#### DATA LISTING
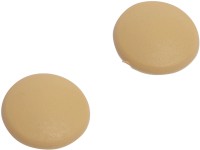 OBI Tlmič dorazu na stenu samolepiaci, pr. 40 mm, béžový, 2 ks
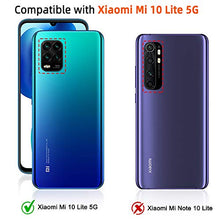 Carica l'immagine nel visualizzatore di Gallery, TesRank Cover Xiaomi Mi 10 Lite, [Fibra di Carbonio] Morbido TPU Custodia...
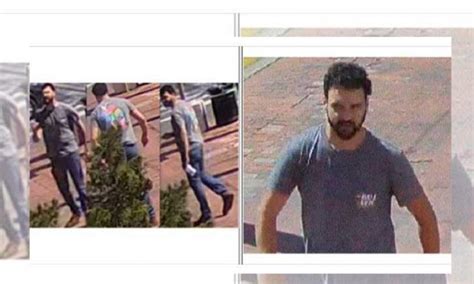 Baltimore Police Release Photos Offer Reward For Info On Man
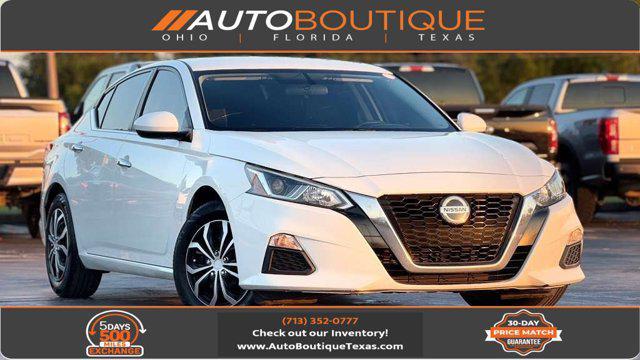 used 2019 Nissan Altima car, priced at $10,300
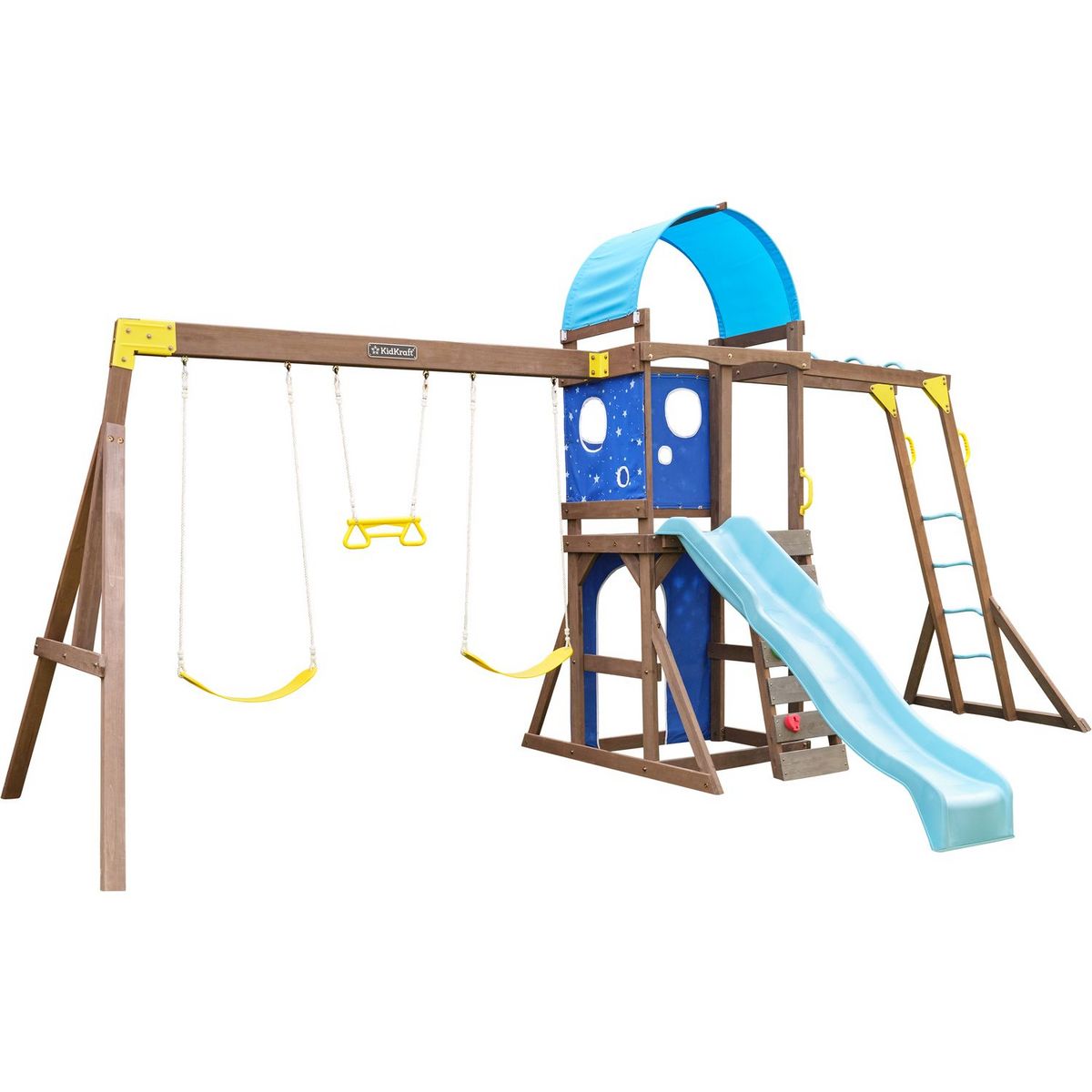 Kidkraft Aire de jeux pour enfant Overlook Challenge 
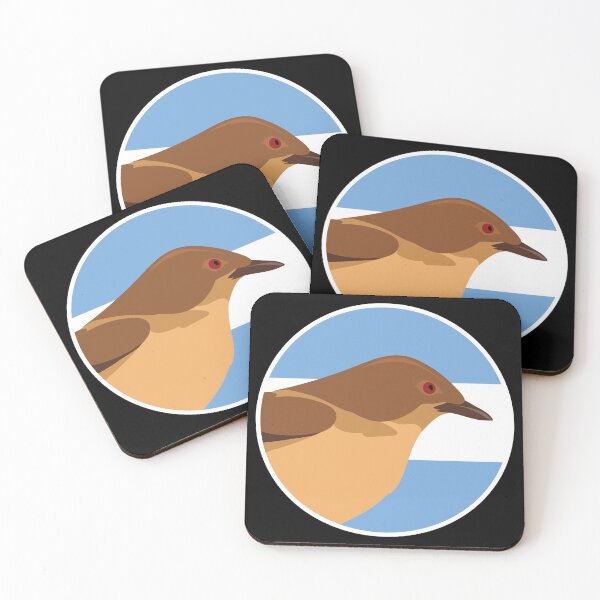 Item preview, Argentina Red ovenbird Argentine National Animal Flag designed and sold by FlagX.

#### ASSIGNMENT
Going from the line holding "used 2019 Nissan" to the last line of the data above, reproduce every line exactly, both included, with the pictures omitted.

#### RESULT OF THE TASK
 used 2019 Nissan Altima car, priced at $10,300
 Kidkraft Aire de jeux pour enfant Overlook Challenge 
 Item preview, Argentina Red ovenbird Argentine National Animal Flag designed and sold by FlagX.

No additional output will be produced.